Well, I'd say slightly more than half of it is non food, which is bol, and just under half is food. And we didn't give a split between -- broken out between ah.nl and Peapod.

But over 50% is non food and the rest is the food businesses.

Dick Boer

I think on the synergies, we have seen the pace during the year. So I think it's important that people realize that the run rate during the 2017 has been trending ahead of 220 million.

We're kind of a bit cautious about increasing the 220 million this year to 250 million. If you just take the 68 million in this quarter and annualize it, you see we're tracking ahead.

But most of the positive news is on the procurement synergies, especially in the U.S., and that's across not just national brands, but it's also across own brands, private label and Fresh, and that's where we've received higher than the expected run rates, slightly higher than the expected run rate. And obviously, that sets us up well as we go into 2018.

Operator

The next question comes from Ms. Fabienne Caron, Kepler.

Fabienne Caron

The first one, on your increased CapEx for the 100 million on online, what makes you confident that it will be enough? And is it mainly for the U.S.?

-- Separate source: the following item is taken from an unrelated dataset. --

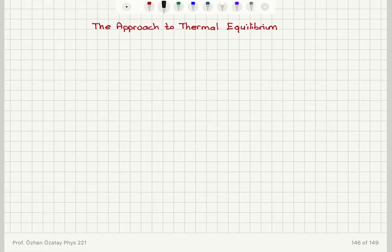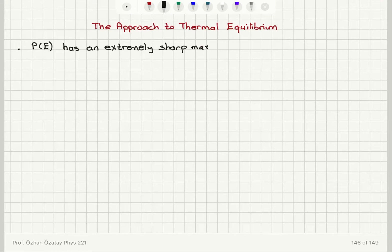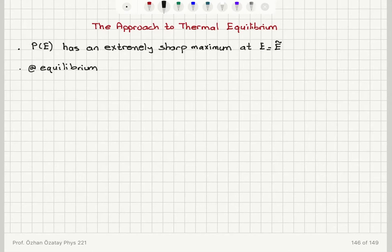We're now going to review some of the results from our previous discussion. We said that the probability of system A having an energy in the interval E to E plus delta E — P(E) — has an extremely sharp maximum. This maximum occurs at a specific energy E equal to E-tilde, and at equilibrium we have this energy E-tilde with only very small variation around it. Therefore, the mean energy E-bar will be equal to E-tilde.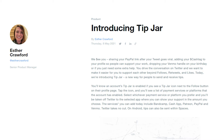If you want to tip somebody, you will now be able to see a Tip Jar icon beside the follow button on that person's profile. Once you tap that icon, it will take you to a list of payment services or platforms available which that particular person has enabled. You can then choose a payment service of your own preference and select an amount. It will take you to that particular service's page or app where you can choose the amount to tip.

And based on that, can you remind us what has been the net sales growth of Peapod year-to-date in Q3? And the third question would be on your guidance.

You haven't changed your margin for the year, but the flow-through of your synergies has increased in Q3, and you're having a bit more synergies this year than expected. So taking all that into account, everything being equal, you should come above 4% for the full year.

So does it mean you'll try to be a bit more cautious on your underlying business?

Jeff Carr

Do you want to -- well, I'll take that in terms of the CapEx, in terms of online, if it's not enough, we can increase it. I mean, quite frankly, we will invest in our businesses to be successful.

We have flexibility in terms of the free cash flow that we generate, in terms of how we can prioritize amongst our businesses. Most of the incremental 100 million, I'm not sure if it's mostly in the U.S., but the U.S.

is a reasonable part of it. And we don't give specific numbers for Peapod relative to ah.nl.

But as Dick mentioned, earlier this morning, Peapod is still in a single digit growth, whereas we see for our total online business, something like 20 -- well, 20%, yes, which is on a consumer sales number. So clearly, Peapod is growing at a slightly lower rate than ah.nl and bol, and that's something that we're addressing as we look to add capacity and improve the performance at Peapod.

Fabienne Caron

Can you tell us what will you do exactly with the 100 million?

Jeff Carr

That's mostly distribution related, so it's mostly in relation to Home Shop Centers, that type of investment. It's partly also IT related in terms of the investments on the web stores and such...

Dick Boer

And click-and-collect solutions in the stores.

Jeff Carr

And click and collect for in-store. So activity at individual ones are not expensive, but as you roll out click and collect, small amounts in each store add up.

In terms of the full year, we've been very clear with the guidance. Now it's a big company, so there's a lot of scope, we said around 3.9%.

I think we did overperform this quarter. It was a quarter which, relative to last year, we had a low comparative.

If you look at quarter 4, we had a strong quarter 4 last year, but we've been very clear with the guidance that we expect around 3.9%, and that gives quite some scope relative to the outlook for the year.

Operator

The next question comes from Mr. Xavier Le Mené, Bank of America Merrill Lynch.

Go ahead please.

Xavier Le Mené

Two question, if I may. The first one, can you comment a bit more on Stop & Shop and tell us exactly what is the result of the price investments you've seen in terms of price perception, price positioning versus your competition?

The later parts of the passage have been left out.